** LISTED ENTRIES follows **
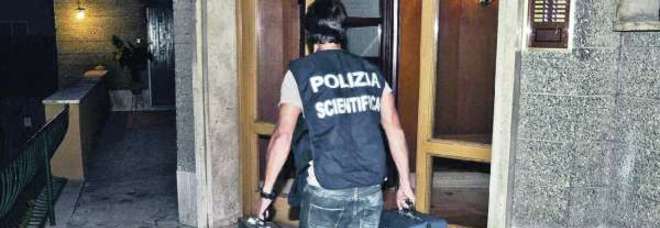 ROMA, IL MARITO LA ACCOLTELLA MA LEI FUGGE: IL VICINO LA ACCOGLIE IN CASA E LE SALVA LA VITA - 15/10/2013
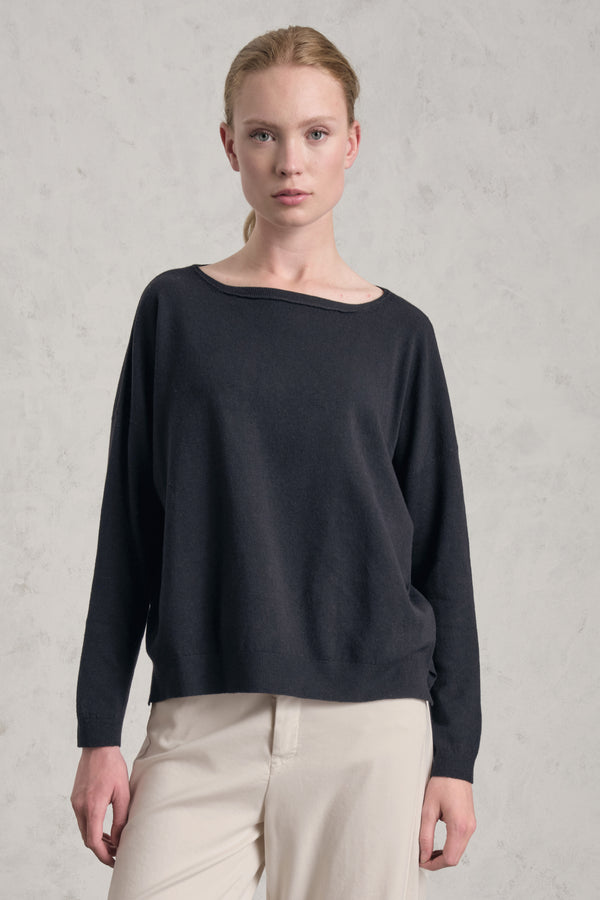 Pull oversize en laine et viscose. Coupe boxy, encolure bateau | 1019.CFDTRE11462.05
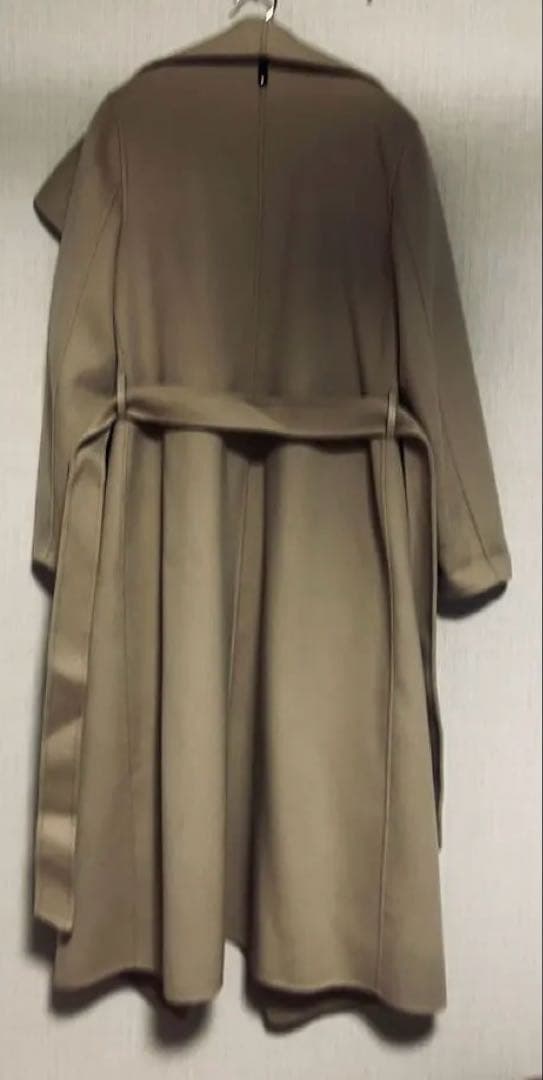 マッカージュ　ベージュコート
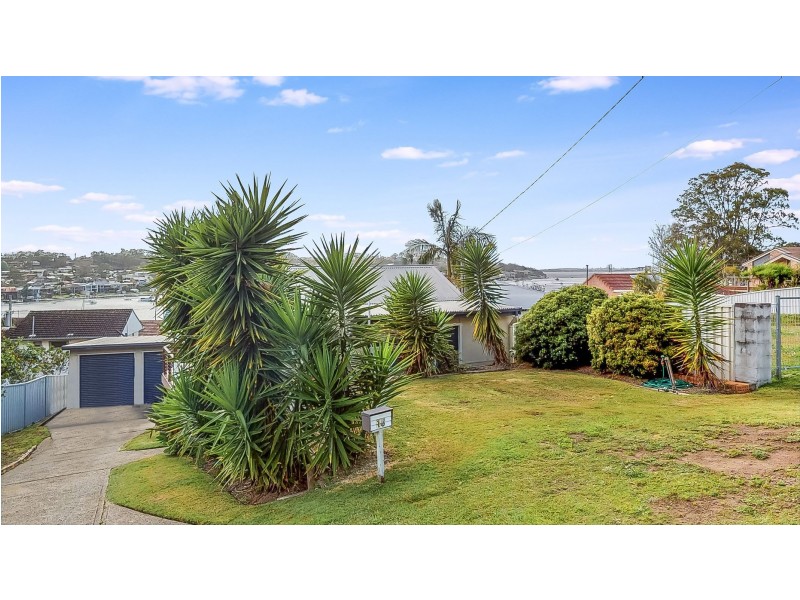15 Canowie Crescent, Buttaba NSW 2283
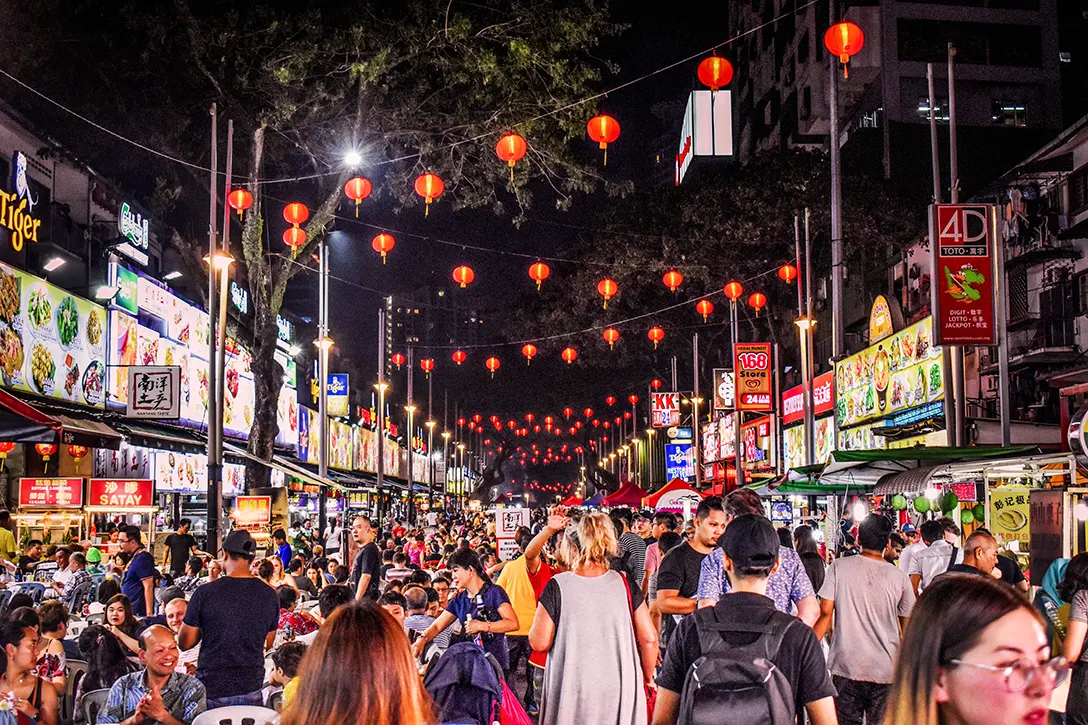 Lots of delicious food options at the Jalan Alor to satisfy your food cravings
** End of LISTED ENTRIES **
ASSIGNMENT. All entries should be given again exactly, except that pictures are to be excluded.

RESULT OF THIS EXERCISE.
 ROMA, IL MARITO LA ACCOLTELLA MA LEI FUGGE: IL VICINO LA ACCOGLIE IN CASA E LE SALVA LA VITA - 15/10/2013
 Pull oversize en laine et viscose. Coupe boxy, encolure bateau | 1019.CFDTRE11462.05
 マッカージュ　ベージュコート
15 Canowie Crescent, Buttaba NSW 2283
 Lots of delicious food options at the Jalan Alor to satisfy your food cravings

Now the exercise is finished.